◆ **Instructions for the task**
Dropping every picture, set down exactly the lines in the entries below, starting with the line with "Яичница с овощами и мясом photo" and going on through the line with "Sleeve T-Shirt I".

◆ **Data**
§ §

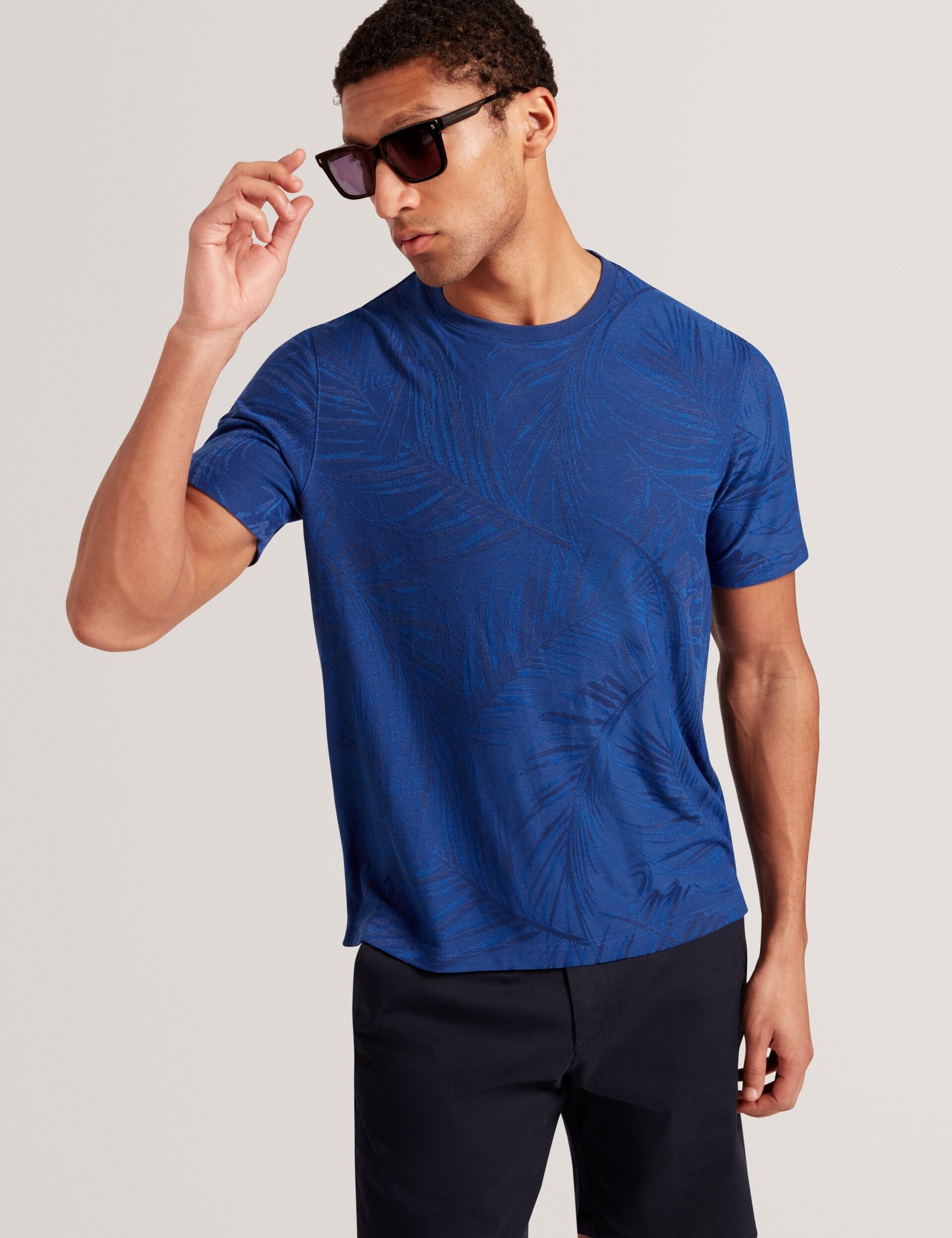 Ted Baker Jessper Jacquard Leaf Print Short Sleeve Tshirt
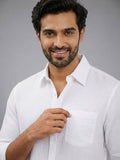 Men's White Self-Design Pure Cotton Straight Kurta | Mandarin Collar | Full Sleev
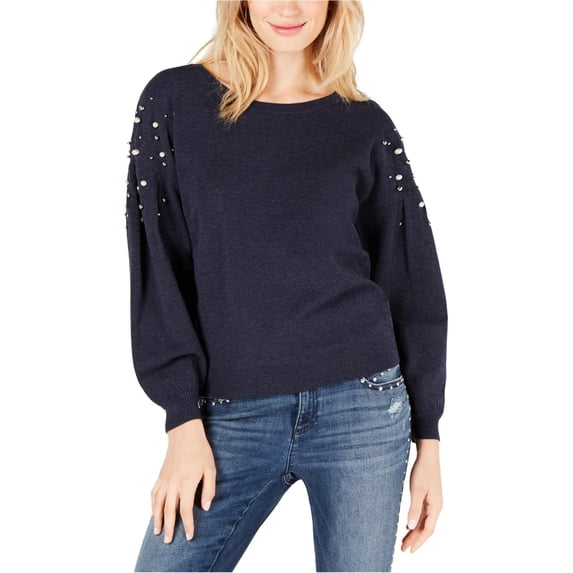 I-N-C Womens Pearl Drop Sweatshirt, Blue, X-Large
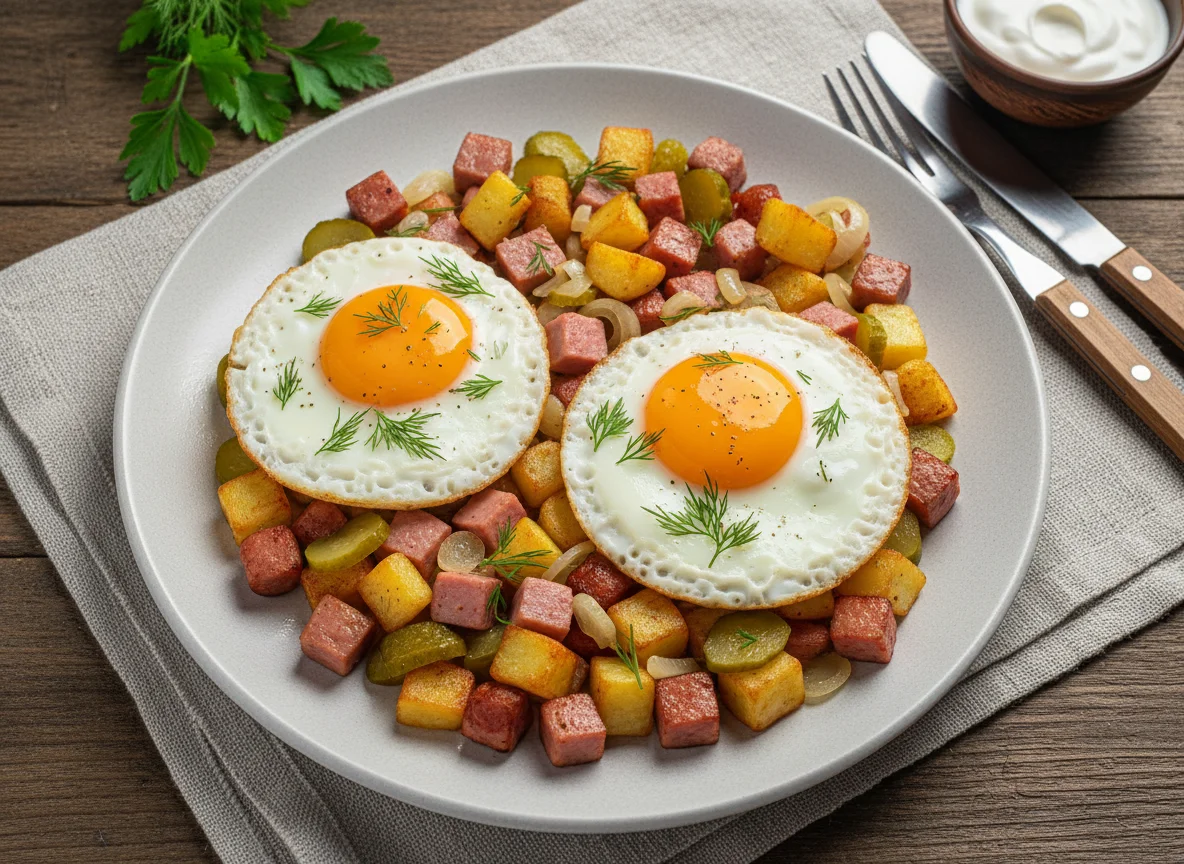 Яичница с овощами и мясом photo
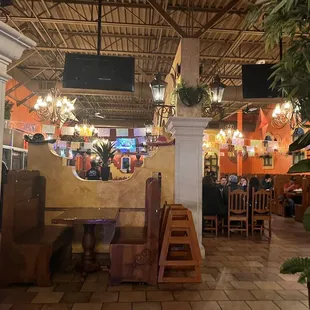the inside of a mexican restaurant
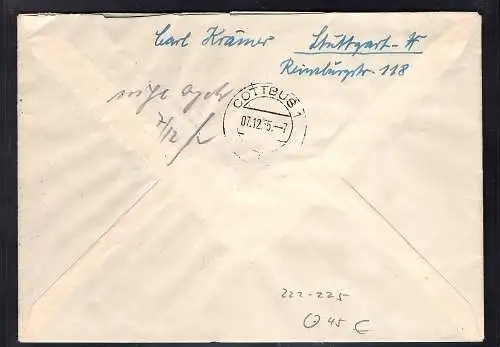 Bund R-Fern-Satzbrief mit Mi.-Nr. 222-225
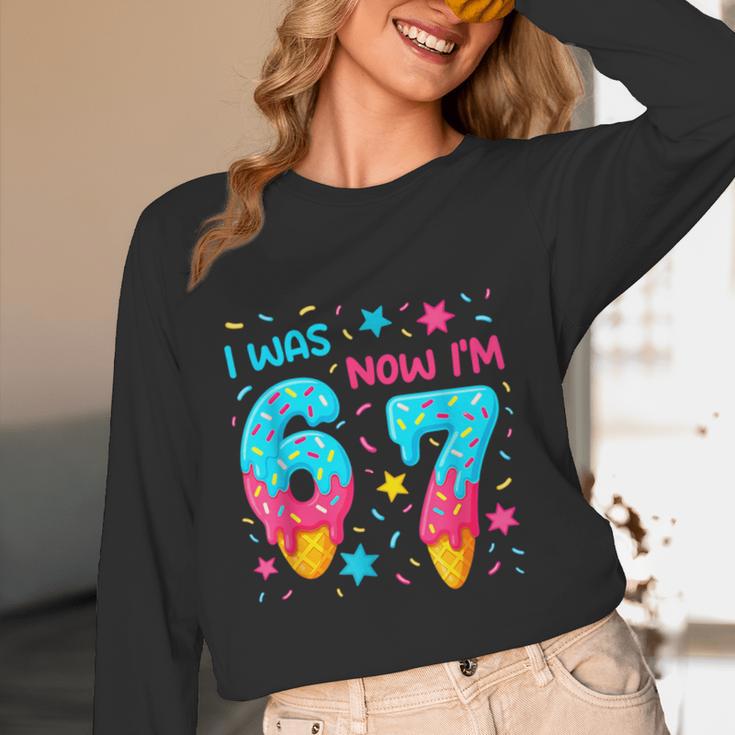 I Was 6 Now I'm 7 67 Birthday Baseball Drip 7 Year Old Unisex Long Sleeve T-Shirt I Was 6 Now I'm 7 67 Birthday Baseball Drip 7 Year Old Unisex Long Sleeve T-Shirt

§ §

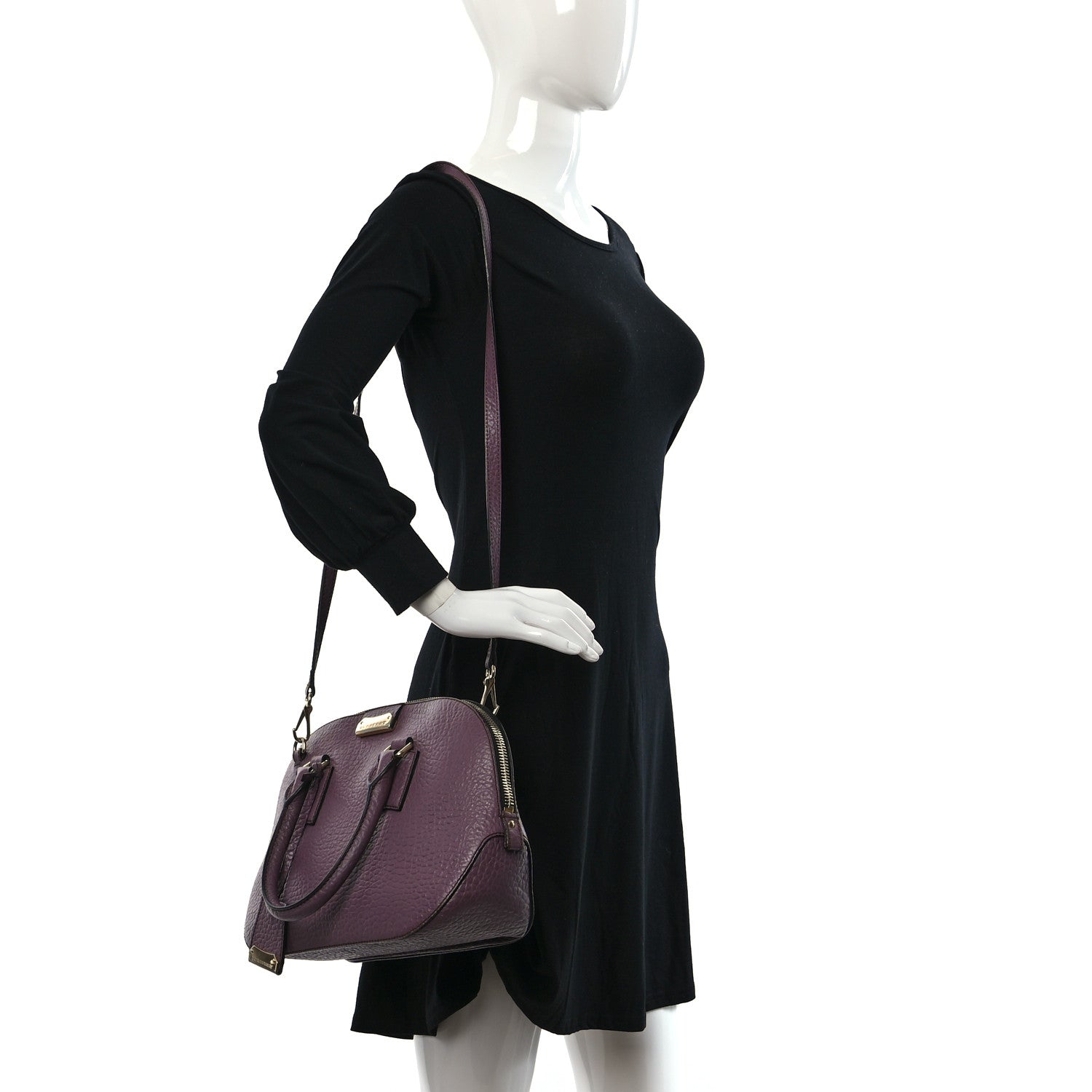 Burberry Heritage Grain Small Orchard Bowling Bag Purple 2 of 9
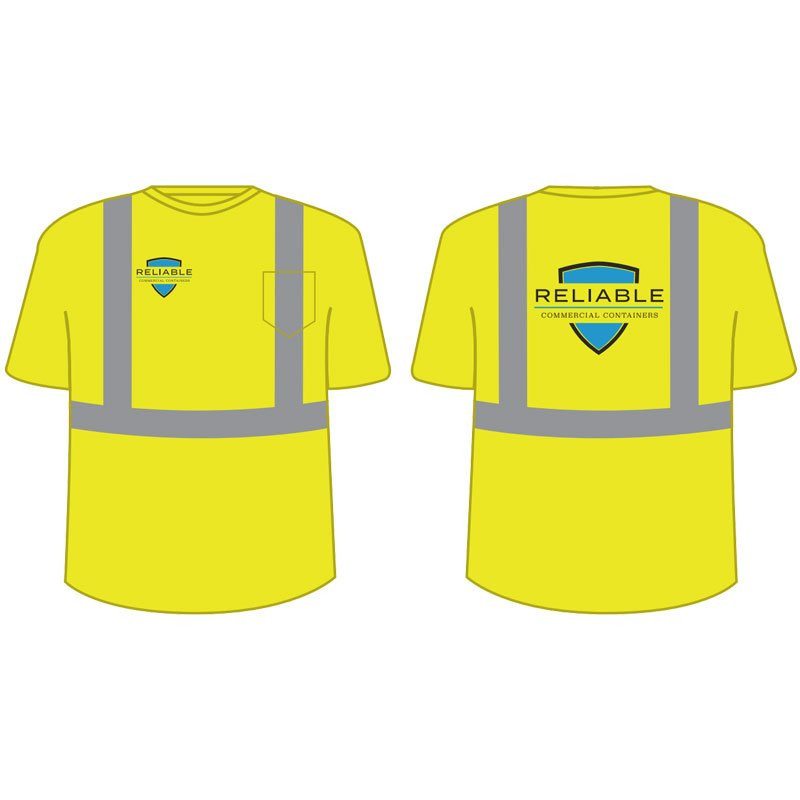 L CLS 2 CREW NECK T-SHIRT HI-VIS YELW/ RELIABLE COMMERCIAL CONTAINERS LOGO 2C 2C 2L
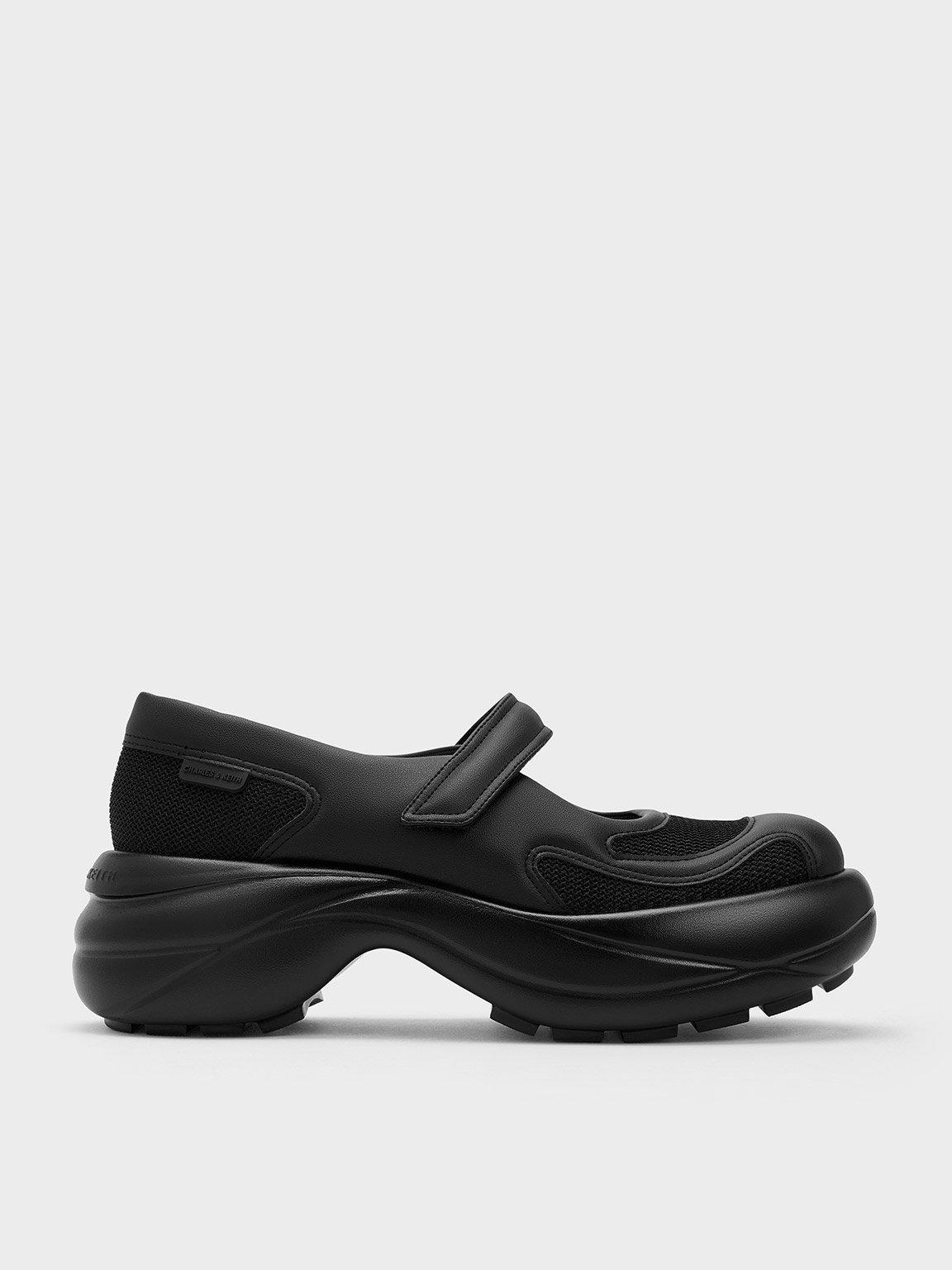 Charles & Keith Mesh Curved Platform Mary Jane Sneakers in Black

§ §

◆ **Solution below**
 Яичница с овощами и мясом photo
the inside of a mexican restaurant
 Bund R-Fern-Satzbrief mit Mi.-Nr. 222-225
 I Was 6 Now I'm 7 67 Birthday Baseball Drip 7 Year Old Unisex Long Sleeve T-Shirt I Was 6 Now I'm 7 67 Birthday Baseball Drip 7 Year Old Unisex Long Sleeve T-Shirt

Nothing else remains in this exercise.